ÖHD temsilcileri, Boğaziçi direnişinin toplumda biriken enerjinin bir yansıması olduğunu AKP-MHP iktidarının buna engel almak için elinden geleni yaptığını son olarakta Garê’ye düzenlenen ancak fiyaskoyla sonuçlanan operasyonla şovenizmi topluma enjekte etmeye çalıştıklarını dile getirdi. ÖHD temsilcileri BMG’nin kuruluşu ve dayanışma, birleşik mücadele fikri ve çabasının değerli olduğunu ve hukukçular olarak demokrasi ve özgürlük mücadelesi yürüten tüm güçlerle yan yana durmaya devam edeceklerini dile getirdi. Ziyarette sohbet başlıklarından biri de son dönemde yoğun bir şekilde gündeme getirilen ev hapsi uygulaması oldu. Hukukçular ev hapsinin iktidar tarafından keyfi bir şekilde muhalifleri sokaktan uzak tutma amaçlı uygulamaya sokulduğunu dile getirdi.
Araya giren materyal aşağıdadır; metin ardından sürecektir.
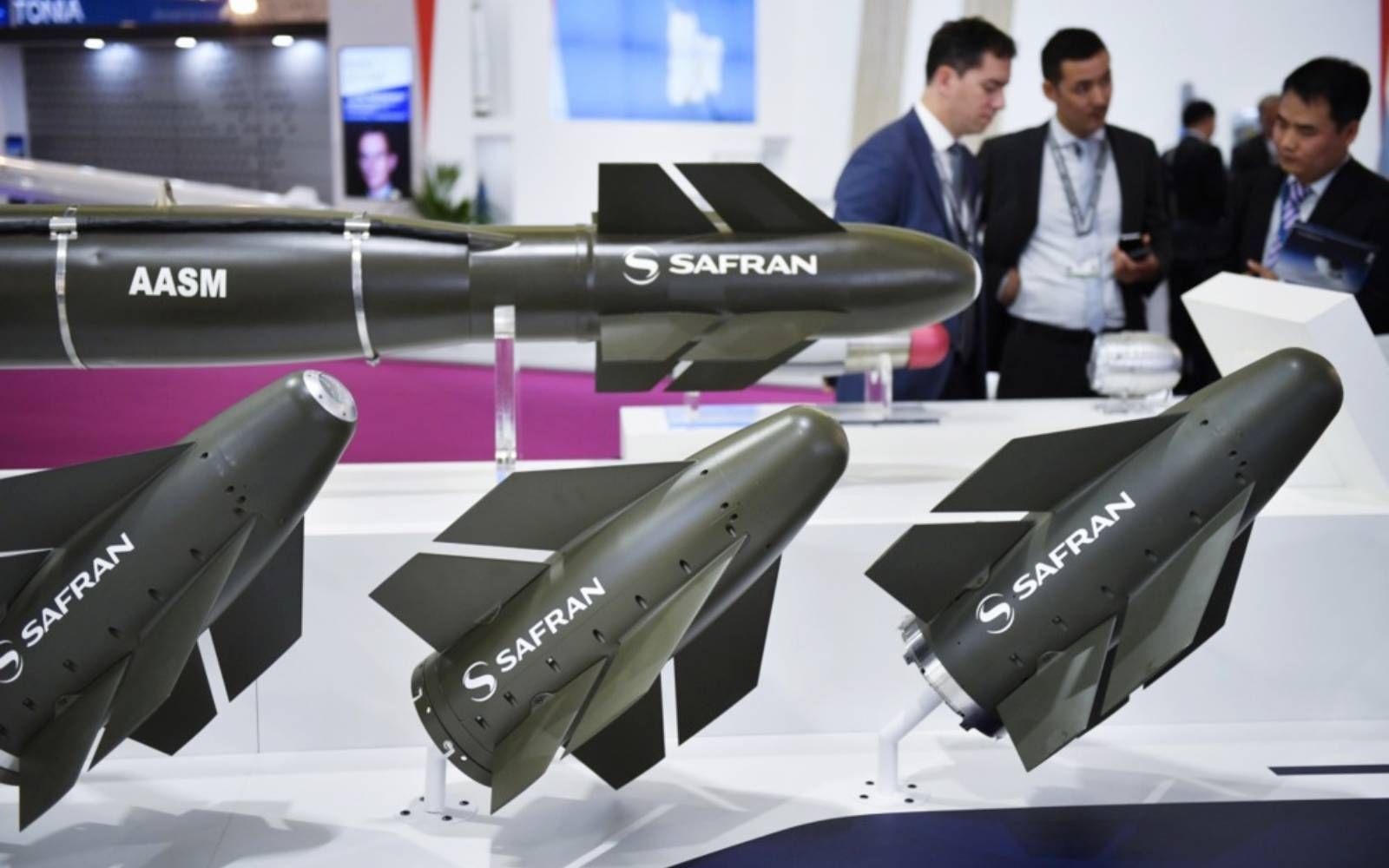 Israel says France has banned its officials from weapons show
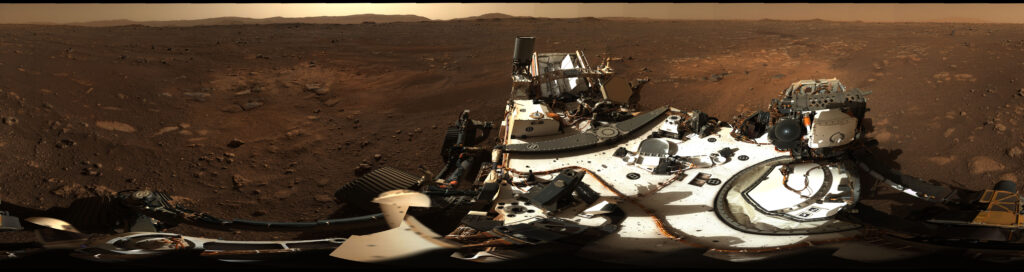 e News Today - NASA’s Rover makes its first test drive on the Martian surface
17 Şubat günü de BMG temsilcileri tarafından ÇHD’ye bir dayanışma ziyareti gerçekleştirildi.

Ziyarette BMG temsilcileri kuruluş amaçlarını ve çalışmalarını aktarırken, ÇHD yönetiminden hukukçular ise toplumda birleşik mücadele fikrinin önemli bir karşılığı olduğunu, bunu en çok da devletin gördüğünü 4 Şubat’taki ablukanın nedeninin de bu olduğunu ifade ettiler. ÇHD yöneticileri, son dönemde kitle hareketinde bir canlılık olduğunu bunun toplumda bir umut yarattığını, yaşanan beş yıllık ağır sürecin de ağır ağır geride bırakılmaya başlandığını dile getirdiler.

Hukukçular her alanda demokrasi ve özgürlük güçlerinin yan yana yürümesine ihtiyaç olduğunu ifade ettiler.

Boğaziçi ve 4 Şubat gözaltılarına yönelik ev hapsi uygulamasının kendi hukuklarına bile aykırı olduğunu vurgulayan hukukçular, 2911’den açılan davalarda kanunun hapis içermediğini ev hapsinin aslında bir adli kontrol biçimi olduğu bugünkü durumda iktidarın hapse atamadığı muhalifleri dışarıda dört duvara mahkum ettiği ifade edildi.

Ziyaret dayanışmanın sürdürülmesine dair karşılıklı dileklerle sona erdi.